From: Peter Zijlstra
Date: Mon Feb 10 2020 - 08:21:51 EST


On Wed, Jan 22, 2020 at 06:14:24PM +0000, Douglas Raillard wrote:
> Hi Peter,
>
> Since the v3 was posted a while ago, here is a short recap of the hanging
> comments:
>
> * The boost margin was relative, but we came to the conclusion it would make
> more sense to make it absolute (done in that v4).

As per (patch #1):

+ max_cost = pd->table[pd->nr_cap_states - 1].cost;
+ cost_margin = (cost_margin * max_cost) / EM_COST_MARGIN_SCALE;

So we'll allow the boost to double energy consumption (or rather, since
you cannot go above the max OPP, we're allowed that).

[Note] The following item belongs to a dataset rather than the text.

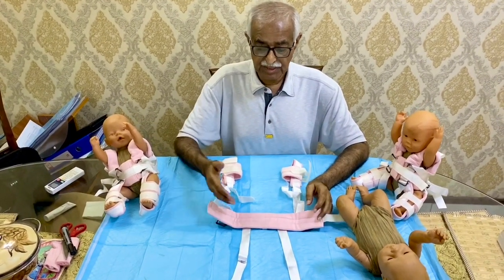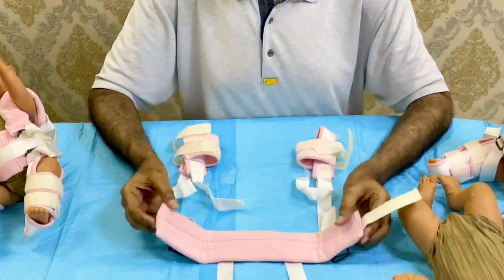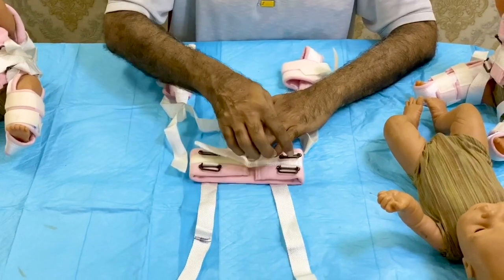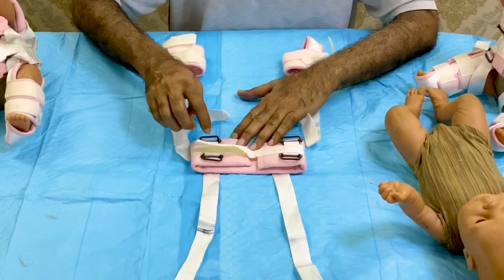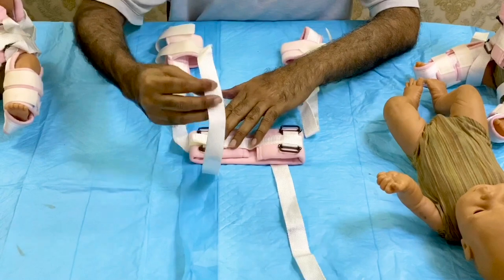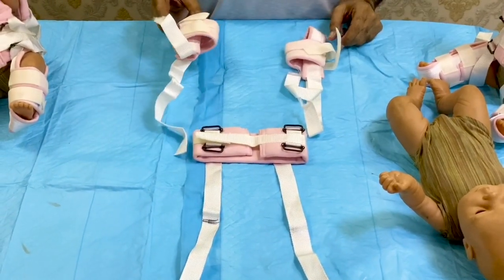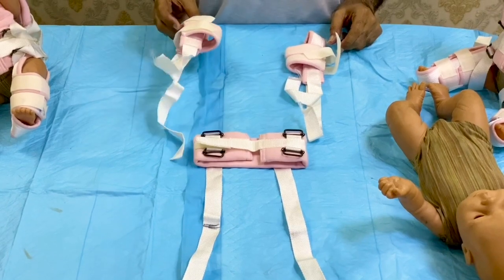These are the components of the Pavlik harness. This is called the chest halter with chest belt and shoulder buckles, and the anterior strap buckles. These are the shoulder straps and this is the foot strap, for stabilization and maintaining the position.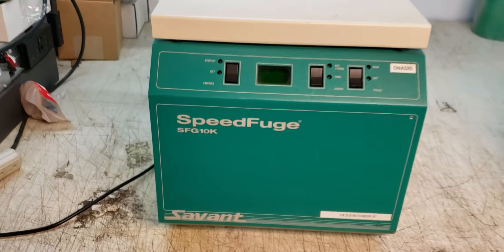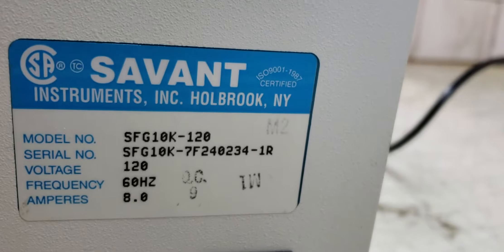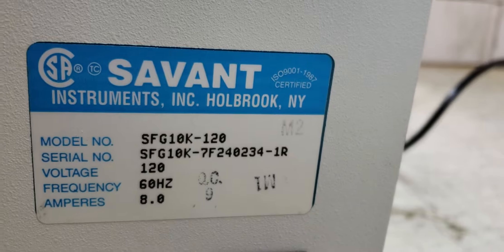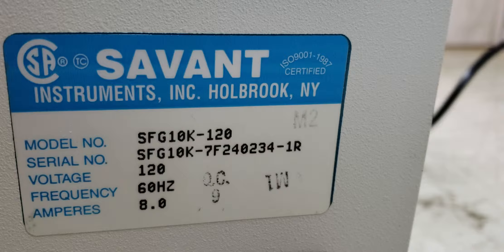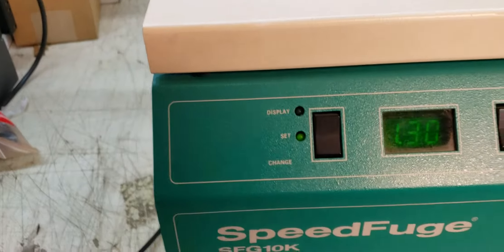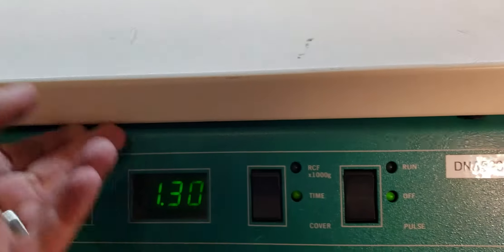This is a Savant SpeedForge SFG-10K. Come around the side here — SFG-10K, 120 hertz. Flip it on, you see the power light come on. This is on. I think this opens the cover.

> * The main remaining blur point was why defining boost=(util - util_est) makes
> sense. The justification for that is that we use PELT-shaped signal to drive
> the frequency, so using a PELT-shaped signal for the boost makes sense for the
> same reasons.

As per (patch #4):

+ unsigned long boost = 0;

+ if (util_est_enqueued == sg_cpu->util_est_enqueued &&
+ util_avg >= sg_cpu->util_avg &&
+ util_avg > util_est_enqueued)
+ boost = util_avg - util_est_enqueued;

The result of that is not, strictly speaking, a PELT shaped signal.
Although when it is !0 the curves are similar, albeit offset.

> AFAIK there is no specific criteria to meet for frequency selection signal shape
> for anything else than periodic tasks (if we don't add other constraints on
> top), so (util - util_est)=(util - constant) seems as good as anything else.
> Especially since util is deemed to be a good fit in practice for frequency
> selection. Let me know if I missed anything on that front.


Given:

sugov_get_util() <- cpu_util_cfs() <- UTIL_EST ? util_est.enqueued : util_avg.

our next_f becomes:

next_f = 1.25 * util_est * max_freq / max;

so our min_freq in em_pd_get_higher_freq() will already be compensated
for the offset.

So even when:

boost = util_avg - util_est

is small, despite util_avg being huge (~1024), due to large util_est,
we'll still get an effective boost to max_cost ASSUMING cs[].cost and
cost_margin have the same curve.

They have not.

assuming cs[].cost ~ f^3, and given our cost_margin ~ f, that leaves a
factor f^2 on the table.

So the higher the min_freq, the less effective the boost.

Maybe it all works out in practise, but I'm missing a big picture
description of it all somewhere.